If using Sanger's farm:

# initial QC
python isotyper.py -i meta.txt -s 1 --bsub
# trimming
python isotyper.py -i meta.txt -s 2 --bsub
# generate network
python isotyper.py -i meta.txt -s 3 --bsub
# generate network statistic
python isotyper.py -i meta.txt -s 4 --bsub

Take a look here for example files to provide to the tool.

Post-processing

After running steps 1 to 4, please annotate the Fully_reduced_{sample_id}.fasta file for downstream analysis. You can annotate with IMGT/HighV-QUEST or via other software e.g. MiXCR in shotgun mode.

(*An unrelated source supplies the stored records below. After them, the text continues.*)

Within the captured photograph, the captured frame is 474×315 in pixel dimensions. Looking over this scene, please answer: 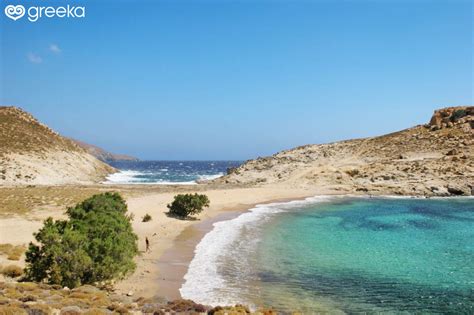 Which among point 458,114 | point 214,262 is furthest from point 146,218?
point 458,114

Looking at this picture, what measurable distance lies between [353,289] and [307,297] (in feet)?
9.04

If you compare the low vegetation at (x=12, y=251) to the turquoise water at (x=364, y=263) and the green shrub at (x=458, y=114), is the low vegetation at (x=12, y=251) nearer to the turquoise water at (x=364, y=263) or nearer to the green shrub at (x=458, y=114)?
the turquoise water at (x=364, y=263)

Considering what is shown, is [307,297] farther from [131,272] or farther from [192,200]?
[192,200]

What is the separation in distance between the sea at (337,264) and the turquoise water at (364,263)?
0.04 metres

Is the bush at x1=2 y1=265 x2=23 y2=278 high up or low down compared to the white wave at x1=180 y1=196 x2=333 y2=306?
up

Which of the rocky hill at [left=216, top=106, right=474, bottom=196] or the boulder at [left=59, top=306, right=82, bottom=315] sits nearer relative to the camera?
the boulder at [left=59, top=306, right=82, bottom=315]

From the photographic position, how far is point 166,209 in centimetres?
3962

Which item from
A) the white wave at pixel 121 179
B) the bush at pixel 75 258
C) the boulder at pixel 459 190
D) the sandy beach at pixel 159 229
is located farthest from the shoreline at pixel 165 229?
the white wave at pixel 121 179

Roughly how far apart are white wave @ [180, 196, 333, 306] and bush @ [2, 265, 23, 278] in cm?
785

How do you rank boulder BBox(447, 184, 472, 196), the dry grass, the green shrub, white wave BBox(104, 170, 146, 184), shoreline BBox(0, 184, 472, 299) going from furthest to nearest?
the green shrub, white wave BBox(104, 170, 146, 184), boulder BBox(447, 184, 472, 196), the dry grass, shoreline BBox(0, 184, 472, 299)

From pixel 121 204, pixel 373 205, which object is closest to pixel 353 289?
pixel 121 204

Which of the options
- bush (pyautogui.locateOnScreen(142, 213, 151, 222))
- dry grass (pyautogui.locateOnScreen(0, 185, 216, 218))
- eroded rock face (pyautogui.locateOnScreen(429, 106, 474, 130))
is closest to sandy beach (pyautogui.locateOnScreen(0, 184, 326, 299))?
dry grass (pyautogui.locateOnScreen(0, 185, 216, 218))

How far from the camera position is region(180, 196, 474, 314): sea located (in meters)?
16.7

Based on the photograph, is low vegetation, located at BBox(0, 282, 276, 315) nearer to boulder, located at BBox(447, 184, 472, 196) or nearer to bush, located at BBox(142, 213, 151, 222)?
bush, located at BBox(142, 213, 151, 222) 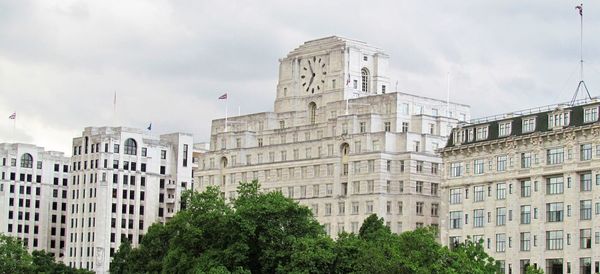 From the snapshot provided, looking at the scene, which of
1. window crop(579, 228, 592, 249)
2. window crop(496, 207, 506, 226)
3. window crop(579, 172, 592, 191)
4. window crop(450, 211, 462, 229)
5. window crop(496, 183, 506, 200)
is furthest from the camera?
window crop(450, 211, 462, 229)

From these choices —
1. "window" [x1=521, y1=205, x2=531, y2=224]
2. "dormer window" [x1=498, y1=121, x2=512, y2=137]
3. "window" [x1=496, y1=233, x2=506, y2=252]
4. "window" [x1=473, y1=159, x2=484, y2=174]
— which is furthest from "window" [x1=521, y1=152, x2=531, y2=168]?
"window" [x1=496, y1=233, x2=506, y2=252]

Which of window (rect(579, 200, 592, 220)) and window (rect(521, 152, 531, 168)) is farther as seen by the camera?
window (rect(521, 152, 531, 168))

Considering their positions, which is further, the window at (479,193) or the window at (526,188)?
the window at (479,193)

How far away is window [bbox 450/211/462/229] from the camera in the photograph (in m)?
173

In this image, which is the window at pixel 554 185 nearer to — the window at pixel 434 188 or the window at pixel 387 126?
the window at pixel 434 188

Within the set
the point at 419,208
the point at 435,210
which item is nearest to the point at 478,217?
the point at 419,208

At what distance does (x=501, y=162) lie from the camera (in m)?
167

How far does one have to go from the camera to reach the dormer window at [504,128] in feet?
548

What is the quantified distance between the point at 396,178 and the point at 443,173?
16.6m

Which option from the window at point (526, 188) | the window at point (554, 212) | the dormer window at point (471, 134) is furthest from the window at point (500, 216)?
the dormer window at point (471, 134)

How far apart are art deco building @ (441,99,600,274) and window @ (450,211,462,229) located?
0.43ft

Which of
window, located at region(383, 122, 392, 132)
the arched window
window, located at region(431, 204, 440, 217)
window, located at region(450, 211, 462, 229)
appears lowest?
window, located at region(450, 211, 462, 229)

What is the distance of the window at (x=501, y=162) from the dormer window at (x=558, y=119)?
9.10 meters

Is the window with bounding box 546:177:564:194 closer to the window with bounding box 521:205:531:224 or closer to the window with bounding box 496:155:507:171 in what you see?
the window with bounding box 521:205:531:224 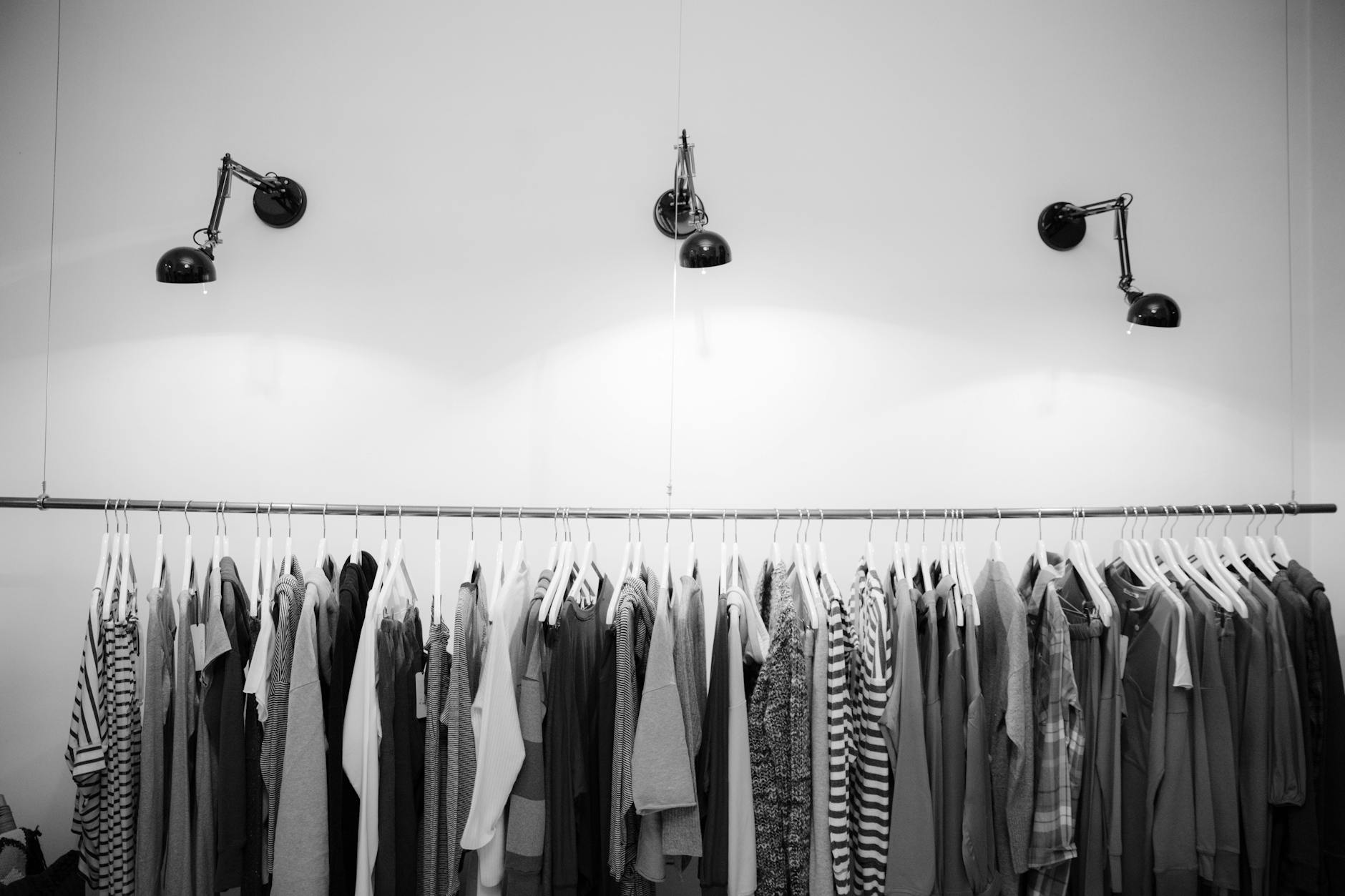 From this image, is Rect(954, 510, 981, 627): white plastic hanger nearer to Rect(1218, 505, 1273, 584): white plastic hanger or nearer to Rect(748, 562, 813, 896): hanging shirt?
Rect(748, 562, 813, 896): hanging shirt

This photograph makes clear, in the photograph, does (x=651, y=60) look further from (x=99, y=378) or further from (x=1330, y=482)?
(x=1330, y=482)

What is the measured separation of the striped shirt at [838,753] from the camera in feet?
6.48

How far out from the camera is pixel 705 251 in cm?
240

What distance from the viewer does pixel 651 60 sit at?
9.66 feet

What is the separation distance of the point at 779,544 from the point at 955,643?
0.90m

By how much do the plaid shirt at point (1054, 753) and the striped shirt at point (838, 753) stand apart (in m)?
0.52

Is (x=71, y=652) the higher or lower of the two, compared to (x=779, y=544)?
lower

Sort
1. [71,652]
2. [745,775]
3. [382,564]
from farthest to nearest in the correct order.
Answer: [71,652] → [382,564] → [745,775]

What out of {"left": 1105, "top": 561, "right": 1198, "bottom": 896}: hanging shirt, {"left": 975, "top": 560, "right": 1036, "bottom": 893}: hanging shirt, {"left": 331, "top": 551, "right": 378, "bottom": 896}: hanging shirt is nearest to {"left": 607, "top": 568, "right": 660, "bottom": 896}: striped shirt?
{"left": 331, "top": 551, "right": 378, "bottom": 896}: hanging shirt

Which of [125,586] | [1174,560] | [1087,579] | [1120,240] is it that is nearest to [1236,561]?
[1174,560]

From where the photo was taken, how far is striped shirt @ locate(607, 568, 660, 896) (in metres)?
1.97

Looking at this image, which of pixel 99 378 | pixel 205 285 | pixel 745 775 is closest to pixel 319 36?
pixel 205 285

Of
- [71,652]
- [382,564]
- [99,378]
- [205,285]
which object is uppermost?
[205,285]

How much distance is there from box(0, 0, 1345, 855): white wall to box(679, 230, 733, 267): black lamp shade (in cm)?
50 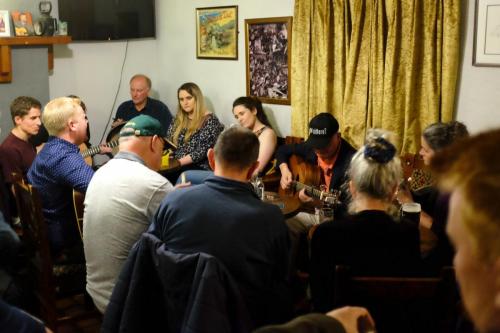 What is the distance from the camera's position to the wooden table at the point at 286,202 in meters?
3.04

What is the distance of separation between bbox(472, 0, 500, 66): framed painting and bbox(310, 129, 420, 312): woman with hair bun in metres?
1.64

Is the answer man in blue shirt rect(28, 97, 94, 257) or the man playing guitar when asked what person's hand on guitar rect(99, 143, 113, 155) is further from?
the man playing guitar

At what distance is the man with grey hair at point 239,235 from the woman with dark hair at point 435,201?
559 mm

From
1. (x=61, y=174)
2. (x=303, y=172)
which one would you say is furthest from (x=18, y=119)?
(x=303, y=172)

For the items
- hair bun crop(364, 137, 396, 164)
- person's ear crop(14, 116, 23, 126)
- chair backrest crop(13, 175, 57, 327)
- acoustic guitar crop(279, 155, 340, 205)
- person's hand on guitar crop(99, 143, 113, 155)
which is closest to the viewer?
hair bun crop(364, 137, 396, 164)

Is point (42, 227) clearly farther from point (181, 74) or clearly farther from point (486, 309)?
point (181, 74)

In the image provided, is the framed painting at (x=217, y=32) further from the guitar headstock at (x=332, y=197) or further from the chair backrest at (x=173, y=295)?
the chair backrest at (x=173, y=295)

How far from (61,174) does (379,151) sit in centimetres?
169

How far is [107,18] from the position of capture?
18.6 ft

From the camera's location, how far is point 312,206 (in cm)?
325

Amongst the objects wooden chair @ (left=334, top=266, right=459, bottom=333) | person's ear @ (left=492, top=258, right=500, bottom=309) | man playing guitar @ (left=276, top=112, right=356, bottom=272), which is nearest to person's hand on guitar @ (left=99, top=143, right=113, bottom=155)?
man playing guitar @ (left=276, top=112, right=356, bottom=272)

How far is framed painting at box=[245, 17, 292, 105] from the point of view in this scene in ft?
15.6


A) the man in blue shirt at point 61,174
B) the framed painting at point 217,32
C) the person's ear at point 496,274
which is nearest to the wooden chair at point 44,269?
the man in blue shirt at point 61,174

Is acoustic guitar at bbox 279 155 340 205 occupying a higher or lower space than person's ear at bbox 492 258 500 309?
lower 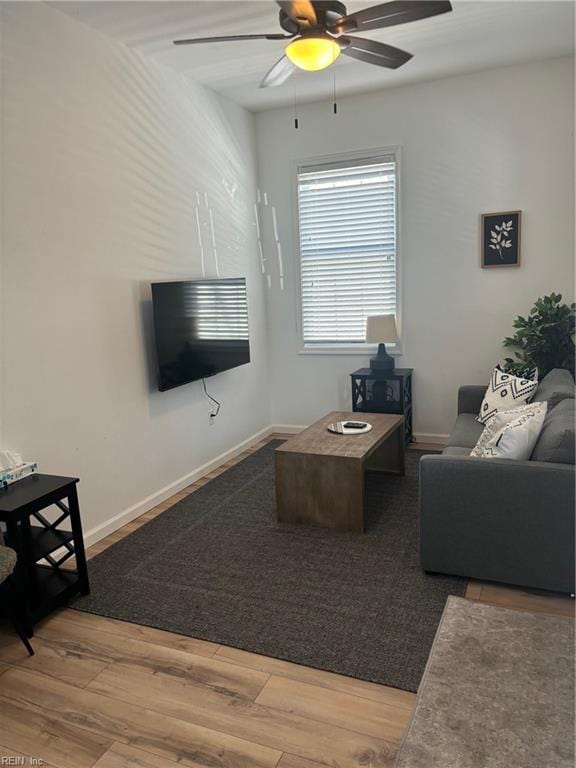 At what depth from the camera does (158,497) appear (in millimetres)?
3871

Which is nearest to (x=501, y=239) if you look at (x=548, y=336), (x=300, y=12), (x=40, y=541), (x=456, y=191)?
(x=456, y=191)

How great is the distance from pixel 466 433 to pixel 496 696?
9.20 ft

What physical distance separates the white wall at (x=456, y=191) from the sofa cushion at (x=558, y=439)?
2123mm

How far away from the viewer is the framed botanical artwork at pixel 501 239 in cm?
446

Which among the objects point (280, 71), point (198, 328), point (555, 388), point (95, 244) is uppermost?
point (280, 71)

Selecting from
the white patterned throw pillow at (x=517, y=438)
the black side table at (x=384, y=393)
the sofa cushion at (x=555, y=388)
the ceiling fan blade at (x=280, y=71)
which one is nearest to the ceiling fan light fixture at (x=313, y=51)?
the ceiling fan blade at (x=280, y=71)

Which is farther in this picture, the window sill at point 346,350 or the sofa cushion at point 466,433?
the window sill at point 346,350

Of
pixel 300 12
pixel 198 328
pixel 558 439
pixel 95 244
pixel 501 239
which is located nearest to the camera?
pixel 300 12

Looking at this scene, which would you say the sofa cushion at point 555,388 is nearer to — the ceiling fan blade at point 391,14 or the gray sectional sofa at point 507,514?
the gray sectional sofa at point 507,514

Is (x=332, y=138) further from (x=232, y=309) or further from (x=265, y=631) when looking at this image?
(x=265, y=631)

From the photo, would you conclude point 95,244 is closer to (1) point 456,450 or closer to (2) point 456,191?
(1) point 456,450

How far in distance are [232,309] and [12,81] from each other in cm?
226

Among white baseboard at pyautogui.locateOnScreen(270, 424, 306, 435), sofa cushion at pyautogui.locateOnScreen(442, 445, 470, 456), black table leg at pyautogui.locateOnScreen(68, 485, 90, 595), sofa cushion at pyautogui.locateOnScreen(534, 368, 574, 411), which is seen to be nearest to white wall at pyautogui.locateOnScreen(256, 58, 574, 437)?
white baseboard at pyautogui.locateOnScreen(270, 424, 306, 435)

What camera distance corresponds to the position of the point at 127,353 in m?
3.53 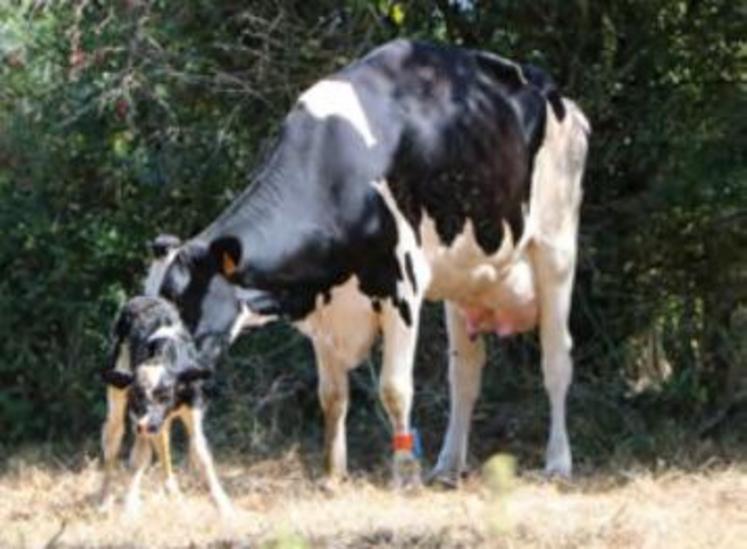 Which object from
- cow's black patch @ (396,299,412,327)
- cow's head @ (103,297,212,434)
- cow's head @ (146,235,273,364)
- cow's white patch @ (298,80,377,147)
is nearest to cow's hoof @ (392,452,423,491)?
cow's black patch @ (396,299,412,327)

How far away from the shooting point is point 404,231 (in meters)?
→ 7.51

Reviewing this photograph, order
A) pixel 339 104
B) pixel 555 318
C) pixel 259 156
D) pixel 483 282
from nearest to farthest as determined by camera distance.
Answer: pixel 339 104, pixel 483 282, pixel 555 318, pixel 259 156

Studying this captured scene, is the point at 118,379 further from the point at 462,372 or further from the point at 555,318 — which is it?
the point at 555,318

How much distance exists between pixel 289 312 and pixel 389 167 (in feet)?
2.79

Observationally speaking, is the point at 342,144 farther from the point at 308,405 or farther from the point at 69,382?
the point at 69,382

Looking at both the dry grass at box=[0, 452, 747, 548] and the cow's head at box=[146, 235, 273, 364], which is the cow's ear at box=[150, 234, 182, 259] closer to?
the cow's head at box=[146, 235, 273, 364]

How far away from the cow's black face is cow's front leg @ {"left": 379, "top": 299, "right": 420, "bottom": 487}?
38.9 inches

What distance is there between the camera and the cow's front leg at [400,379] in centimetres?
753

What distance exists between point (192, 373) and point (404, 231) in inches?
57.5

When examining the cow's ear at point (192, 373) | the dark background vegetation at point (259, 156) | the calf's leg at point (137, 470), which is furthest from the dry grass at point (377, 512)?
the dark background vegetation at point (259, 156)

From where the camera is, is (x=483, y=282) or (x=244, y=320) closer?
(x=244, y=320)

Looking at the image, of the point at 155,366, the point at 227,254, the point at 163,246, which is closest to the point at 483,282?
the point at 227,254

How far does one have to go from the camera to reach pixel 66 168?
10742 millimetres

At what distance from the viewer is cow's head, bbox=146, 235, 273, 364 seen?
6.72 meters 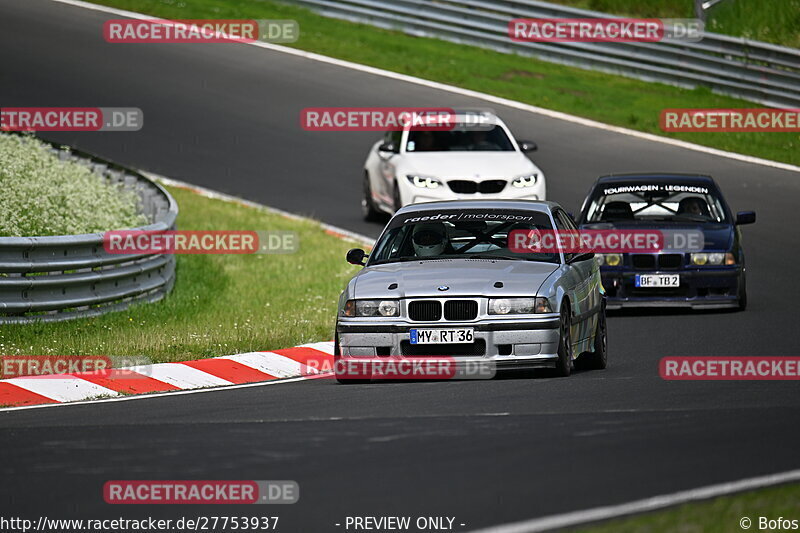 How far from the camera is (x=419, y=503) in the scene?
7.35 metres

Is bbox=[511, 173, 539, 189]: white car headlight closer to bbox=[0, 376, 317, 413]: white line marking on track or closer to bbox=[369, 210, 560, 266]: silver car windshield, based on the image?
bbox=[369, 210, 560, 266]: silver car windshield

mixcr analyze shotgun -s hsa --starting-material rna --receptor-type igh Fully_reduced_{sample_id}.fasta {sample_id} 
# export to AIRR format
mixcr exportAirr --imgt-gaps in.[vdjca|clns|clna] out.tsv

To generate the network plots, you would use the node table (Att_{sample_id}.txt) and edge table (Edges_{sample_id}.txt) and feed it into a graphing software e.g. networkx/igraph and continue as per normal. The orphan folder has example scripts (probably buggy) on how to use python-igraph to generate the plots.